Despite vigorous debates about the technical characteristics of risk assessments being deployed in the U.S. criminal justice system, remarkably little research has studied how these tools affect actual decision-making processes. After all, risk assessments do not make definitive decisions, they inform judges, who are the final arbiters.
It is therefore essential that considerations of risk assessments be informed by rigorous studies of how judges actually interpret and use them. This paper takes a first step toward such research on human interactions with risk assessments through a controlled experimental study on Amazon Mechanical Turk.
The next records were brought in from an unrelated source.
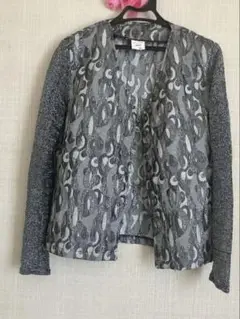フランス製デザイン製造共　グレー 長袖薄手ジャケット超モダン系　新品(セール品)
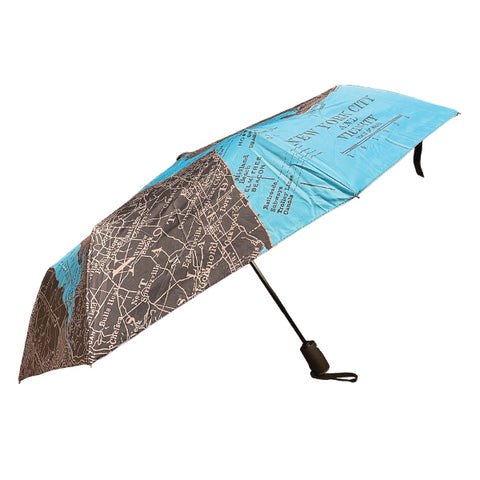 New York Black Blue Map Umbrella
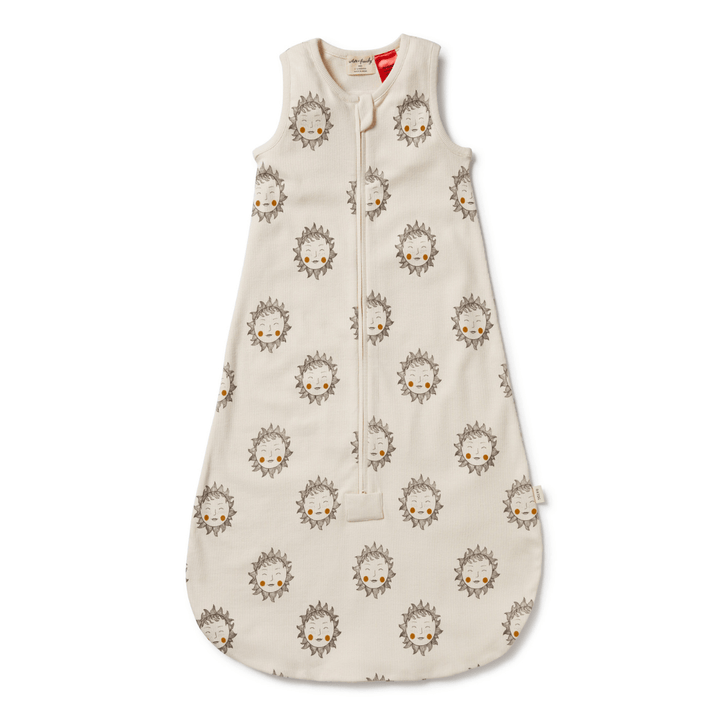 A Wilson & Frenchy summer sleeping bag for babies made from organic cotton, featuring an owl print.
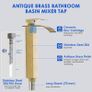 Antique Brass Waterfall Tall Basin Mixer Tap, Single Handle High Rise Bathroom Sink Mixer Tap, Square Monobloc Bathroom Faucet, 304 Stainless Steel Image 5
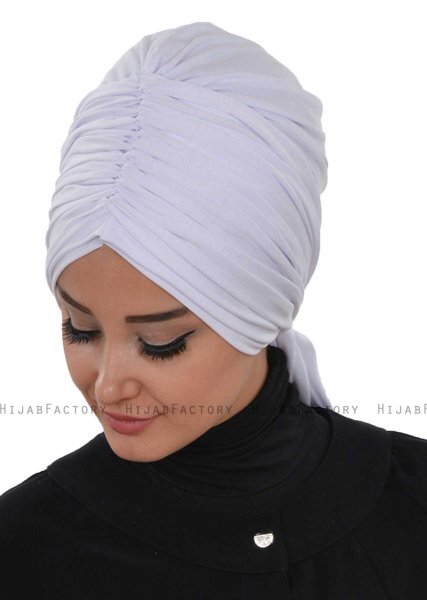 Amy - Vit Bomull Turban - Ayse Turban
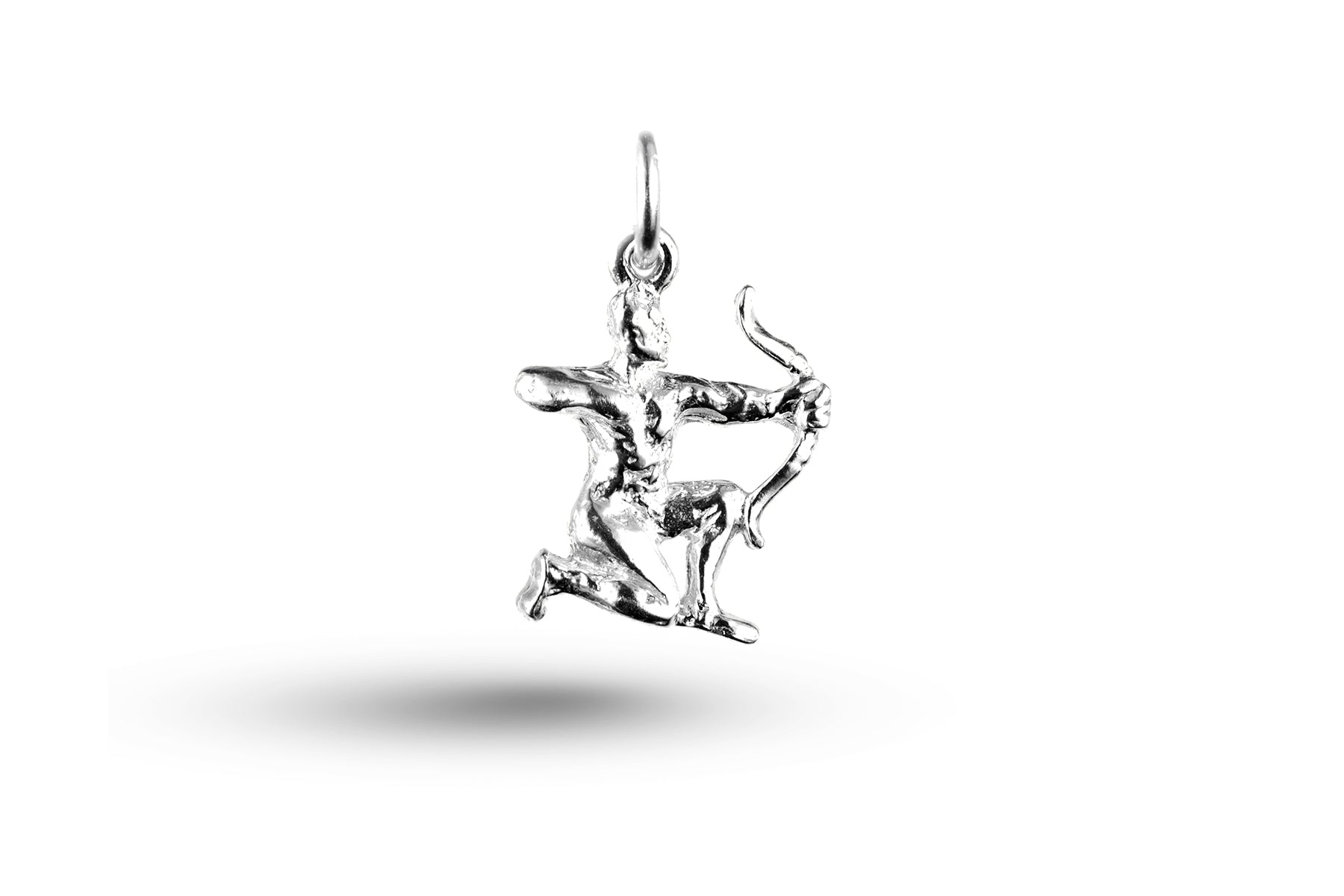 White gold Sagittarius charm.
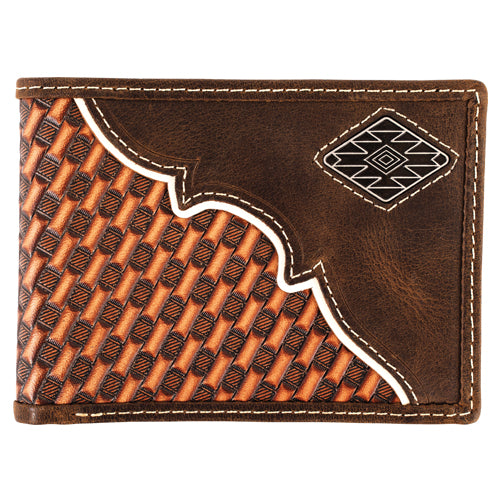 Red Dirt Bifold Wallet with Basketweave with Yoke and Concho- Brown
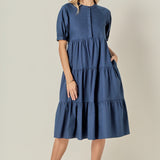 Short Puff Sleeve Midi Dress
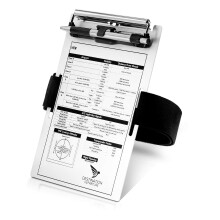 Pilote de depart de destination Kneeboard - planche d'ecriture de pilote en aluminium - Botier de genou de 5,5 x 8 pouces - Clip metallique et s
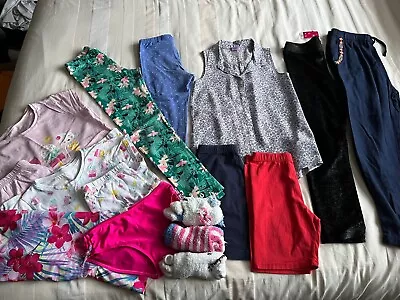 Girls Summer Bundle Age 9-10 Years Shorts Leggings PJs Swimwear And More • £12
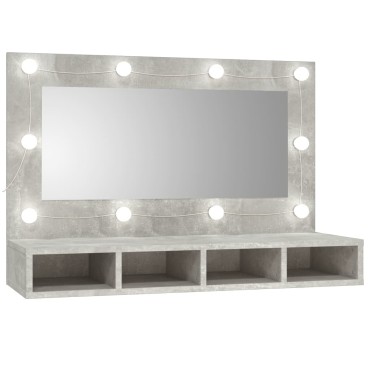 vidaXL Έπιπλο Καθρέπτη με LED Γκρι Σκυροδέματος 90x31,5x62cm 1 τεμ.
We found several behaviors that call into question the supposed efficacy and fairness of risk assessments: our study participants:
- underperformed the risk assessment even when presented with its predictions,
- could not effectively evaluate the accuracy of their own or the risk assessment’s predictions, and
- exhibited behaviors fraught with “disparate interactions,” whereby the use of risk assessments led to higher risk predictions about black defendants and lower risk predictions about white defendants.
These results suggest the need for a new “algorithm-in-the-loop” framework that places machine learning decision-making aids into the sociotechnical context of improving human decisions rather than the technical context of generating the best prediction in the abstract. If risk assessments are to be used at all, they must be grounded in rigorous evaluations of their real-world impacts instead of in their theoretical potential.